The governor urged the peace committee to ensure that the political actors would not only sign the accord, but to persuade them to see the need to ensure peace in the state.
The All Progressives Congress (APC) candidate, Mr Osagie Ize-iyamu, promised to talk to his supporters to conduct themselves in a manner to achieve peaceful poll.
“We will do our best to ensure that the election is peaceful.
“We support free, fair and credible elections. We believe that is the only way that we can sustain our democracy.
“We want to assure all our dignitaries that, by the grace of God, the election is going to be very peaceful.

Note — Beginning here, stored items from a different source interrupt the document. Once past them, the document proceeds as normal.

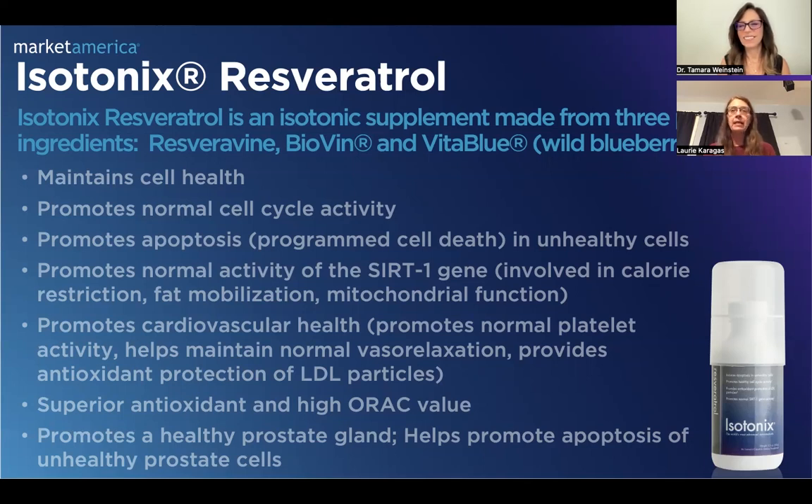I tell everybody to take it. I tell everybody to eat the cheesecake and take the resveratrol. I tell everybody about resveratrol because I want everybody to be healthy — and this is a good, good product to take. Thank you so much for sharing that. It is a fantastic go-to to help maintain that healthy cell cycle activity, and yes, the calorie restriction and fat mobilization — we all need a little extra support in our life, right? The powerful antioxidant components to this product are wonderful. Thank you so much for joining me, Lori. I really appreciate it. Go enjoy all of those wonderful grandchildren of yours.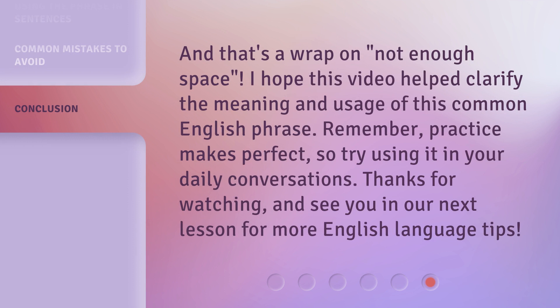And that's a wrap on 'Not Enough Space.' I hope this video helped clarify the meaning and usage of this common English phrase. Remember, practice makes perfect, so try using it in your daily conversations. Thanks for watching, and see you in our next lesson for more English language tips.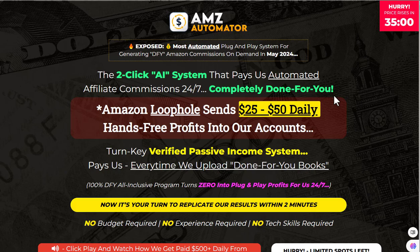Hey guys, Richard here. In this review I want to talk to you about AMZ Automator, a new product by Glyn Kosky due to release on the 13th of May. This is all about Amazon — basically how you can make money using KDP, and it's promising you $25 to $50 daily.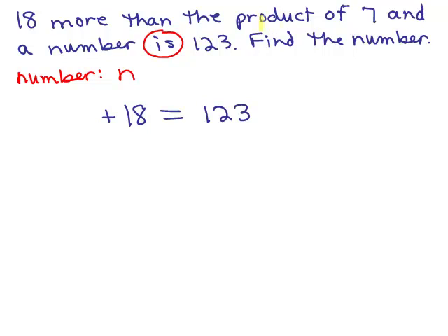What about the word 'product'? What does that mean? Product means multiply. So there's got to be two things to multiply, and the key here is the product of two numbers — 7 and the number. Those are the two things I'm multiplying together to get the product. So the product of 7 and a number is 7 times n, because we called the number n, so we have 7n. That's how you write 7 times n.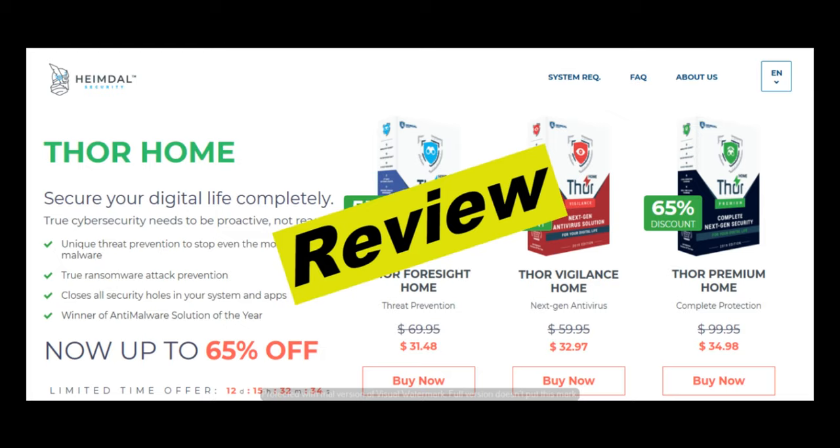Hello everyone, today I will be reviewing Heimdal Security. If you want to know if Heimdal Security is good, then please watch this video till the end. Also, if you are looking to read real user reviews left by users who have experience with Heimdal Security, then please check out the first link in the description below at the website thecjreviews.com.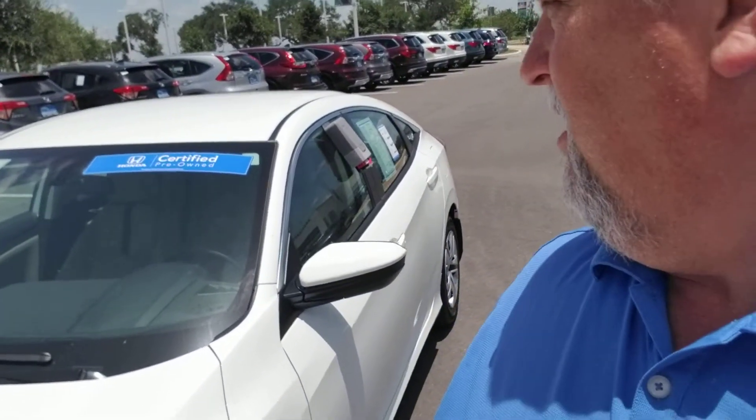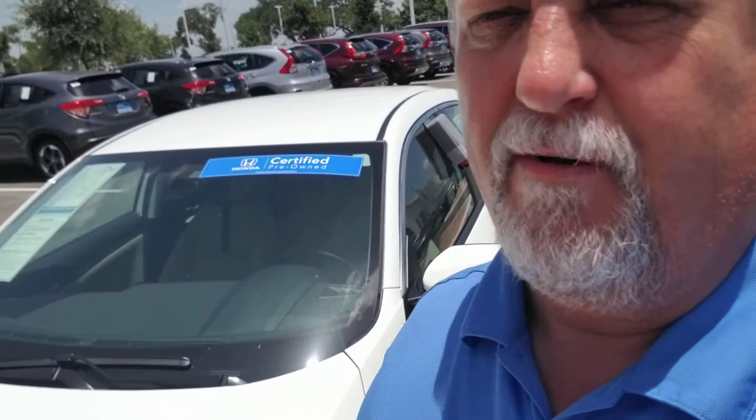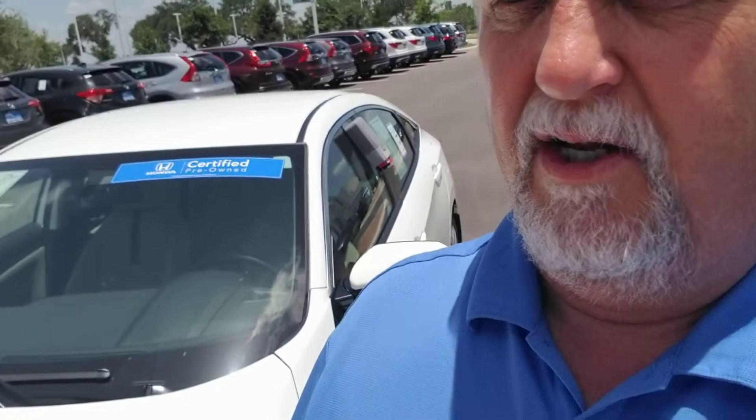This is an LX, or base model. This vehicle, as you can see, is labeled certified pre-owned — though pre-owned is a bit of a misnomer. This vehicle has only one owner and we were it. It was part of our service customer loaner program, so we had it a short time, let some folks drive it as a favor while we took care of their other Hondas, and now we're ready to pass it on to a new home.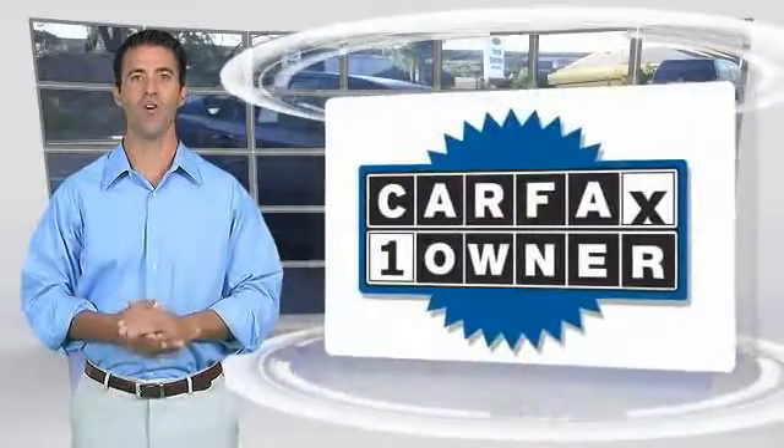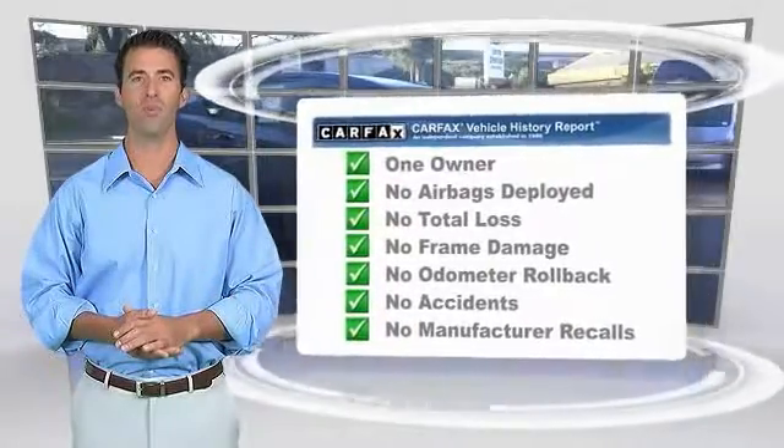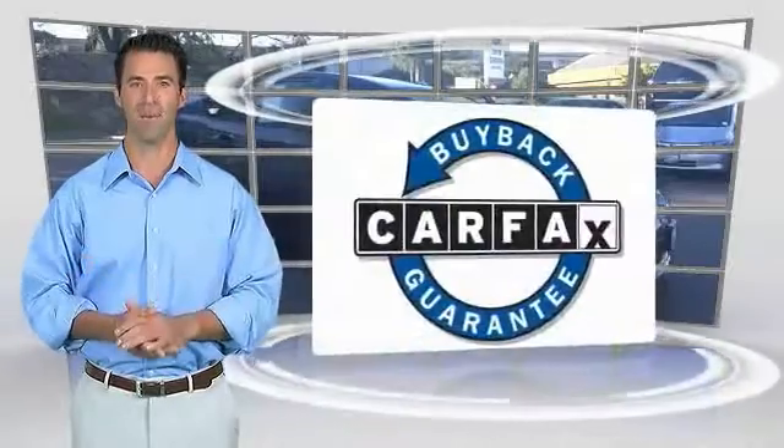This is a one-owner vehicle with the Carfax Vehicle History Report. Be sure to find a complimentary copy of this report online or contact the dealership. This vehicle qualifies for the Carfax Buyback Guarantee.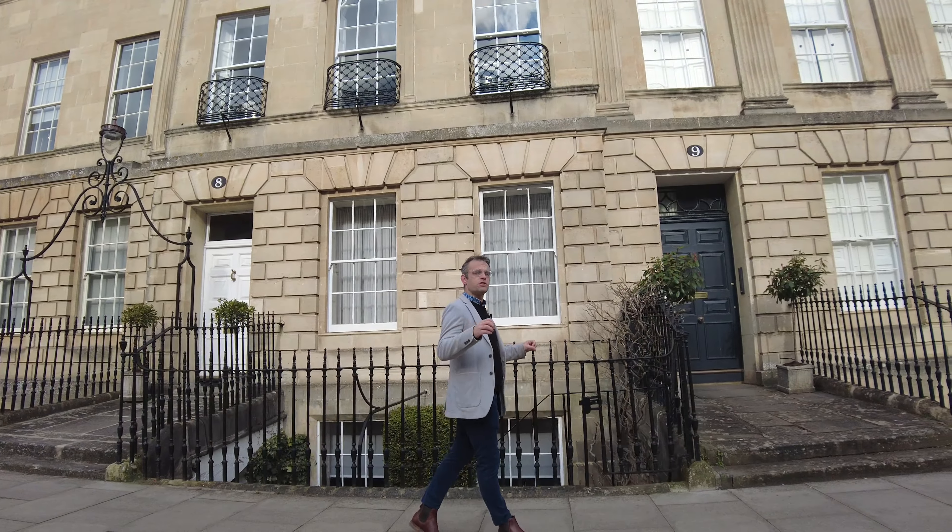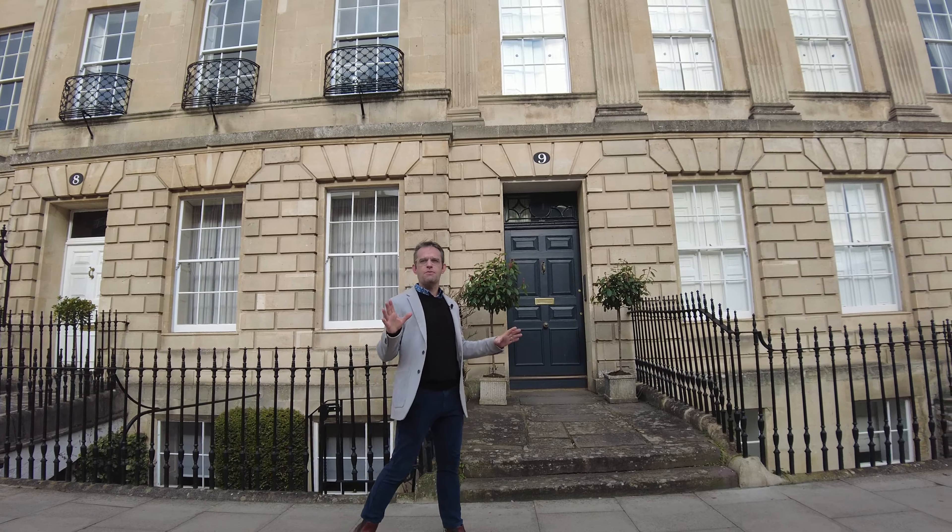Well, you join me surrounded by Georgian splendour, here on Great Pulteney Street for another of Bath's Best Bits.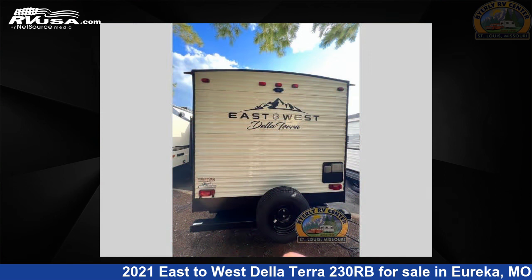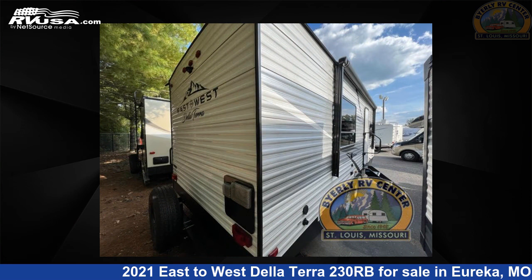For more information and pricing on this unit, and to see all units available for sale by Byerly RV, visit rvusa.com.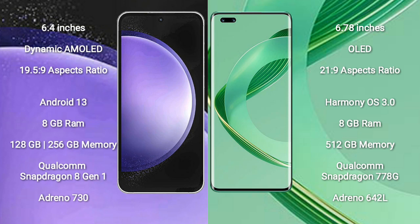Samsung Galaxy S23 FE runs on the Android 13 operating system. Huawei Nova 11 Ultra runs on the HarmonyOS operating system.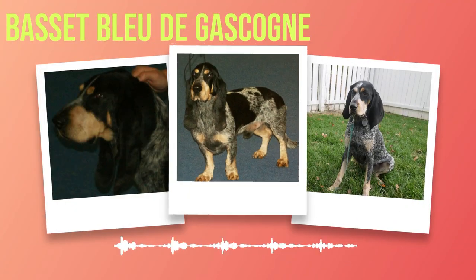The Enchanting World of Basset Bleu de Gascogne: A Journey Through History, Appearance, Temperament, Exercise, Health, and Fun Facts.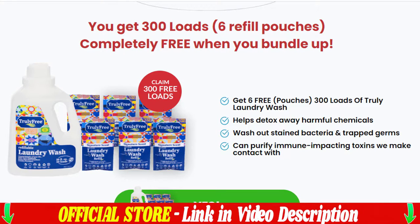Hi guys, what's up! My name is Jenny and I am making this video to help some people who are in doubt about this product and who want to know truthful information about Truly Free.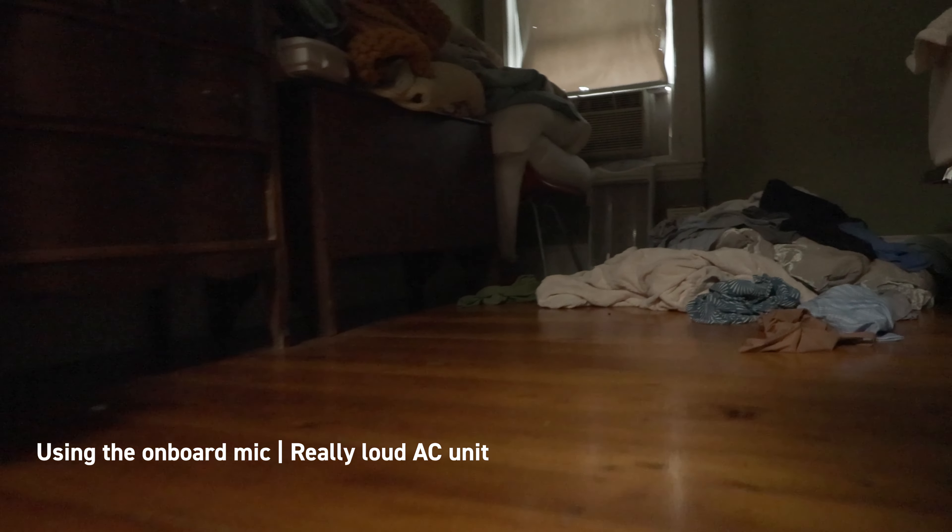Having trouble pulling focus — lost the focus, it's coming back — we're on autofocus here. Not great performance. Let's get in closer. Still pretty dark under there.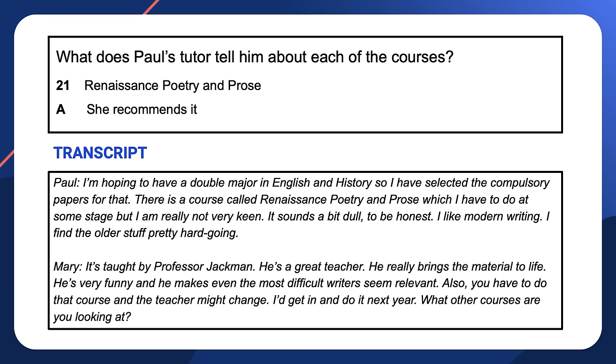How was that? You would have heard that the answers expressed the idea of Mary either recommending or advising against each course, but different spoken expressions were used. The information for the answers comes in the same order as the questions. For question 21, the relevant audio is: 'There is a course called Renaissance Poetry and Prose which I have to do at some stage, but I'm really not very keen.' It's taught by Professor Jackman who is a great teacher and makes even the most difficult writers seem relevant. Also, you have to do that course and the teacher might change — 'I'd get in and do it next year.'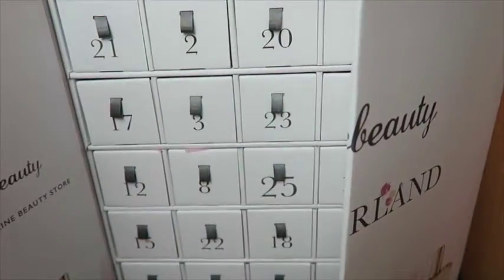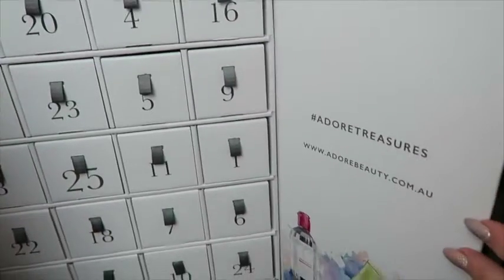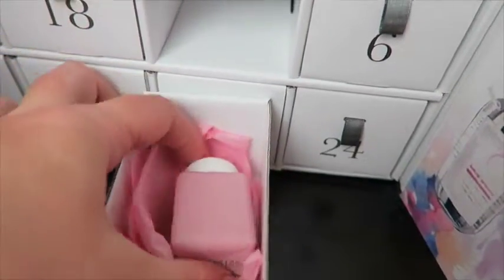Day seven — okay, not that side. There it is down the bottom. We have something from Kevin Murphy, I think.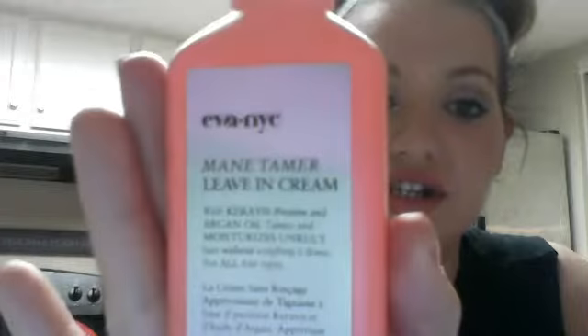I've been using the Eva NYC leave-in conditioner for quite a while. It's a leave-in frame — basically a leave-in conditioner you use after the shower before your hair gets dry. You just run it through, and once your hair dries you can brush it out and it's super soft and silky. When I blow-dry my hair it's still super smooth. Absolutely in love — it makes my hair ridiculously soft.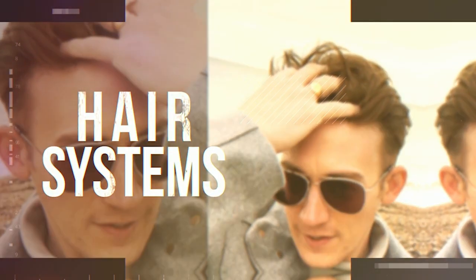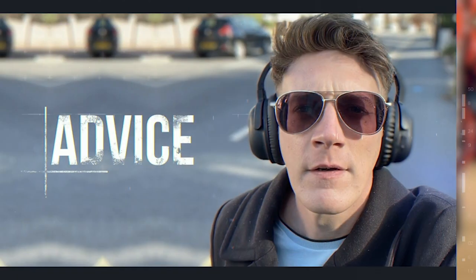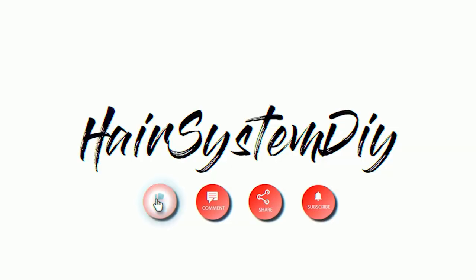Five things to do before you buy a hair system — a beginner's guide. If you're on the fence and you're thinking about buying a hair system, here are five things that I'd encourage you to do before you actually buy one.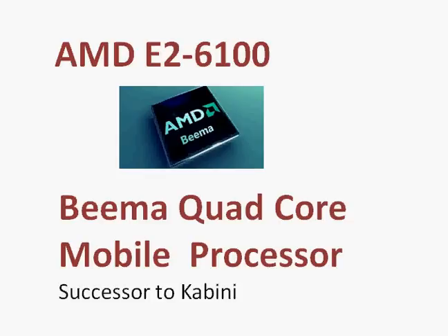Let's talk about the AMD E2-6100. It's officially codenamed BIMA and it's a quad-core mobile processor, which is actually a successor to the Kabini line of processors from AMD. What AMD did was reduce the leakage current in the Kabini, and that's how it was able to reduce the power consumption for a given level of performance.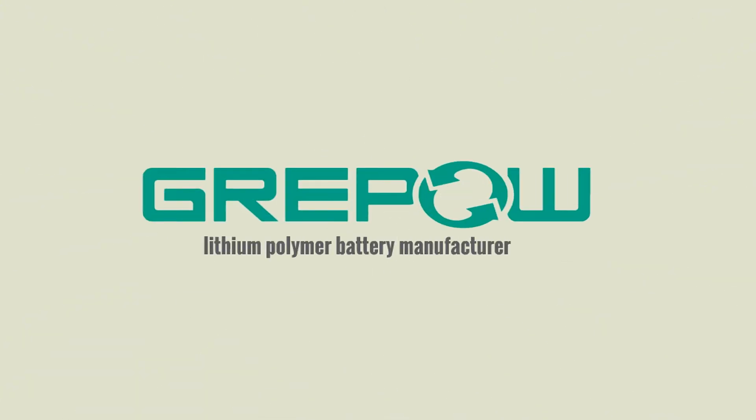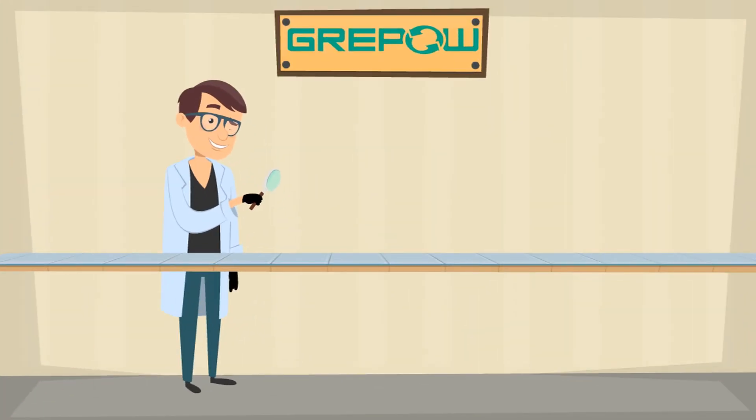Grepau is a lithium polymer battery manufacturer and a battery solutions company. At Grepau, we don't just manufacture the conventional rectangular lipo batteries, but also produce custom shaped batteries.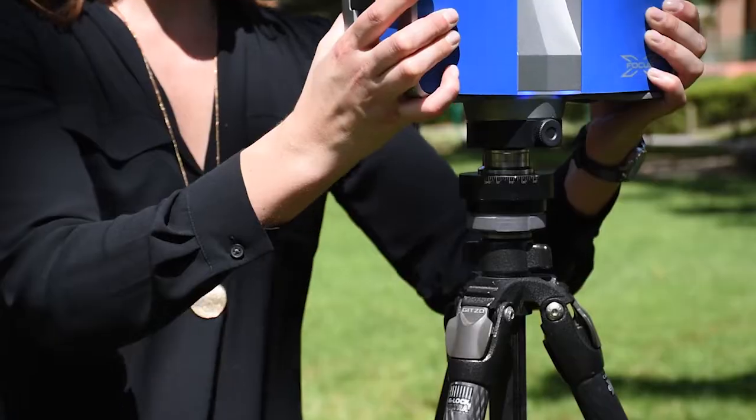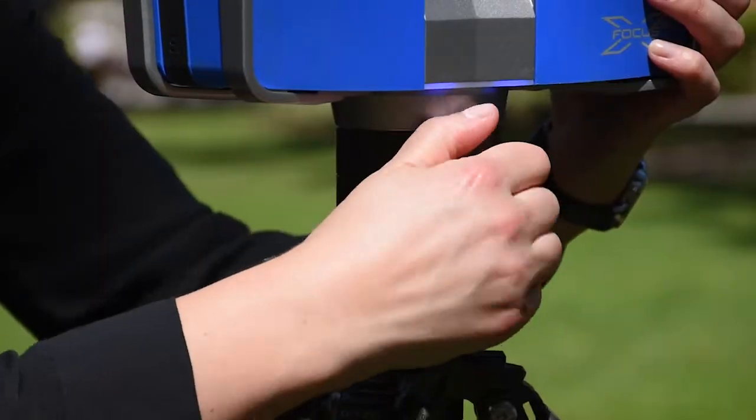Hi, my name is Laura Harrison and I'm the director of Access 3D Lab. I'm going to be talking to you today about terrestrial laser scanning.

We thank you and we are grateful,” Ize-Iyamu said.
A member of YIAGA Africa’s board, Ezenwa Nwagu, described the accord as necessary, following the previous narrative that suggested the drums of war in the election.
Nwagu expressed optimism that next Edo governor emerge would through credible and peaceful election.
While elections are seen as the largest administrative undertakings in democratic societies with a major financial burden on all stockholders, political actors should know that the consequences of electoral violence are enormous on the government, the society and the people, some analysts note.
All are, therefore, expected to promote peace in Edo as election-related violence will not only squander available resources but cause destruction of communities and infrastructure with negative economic and development impacts on the nation.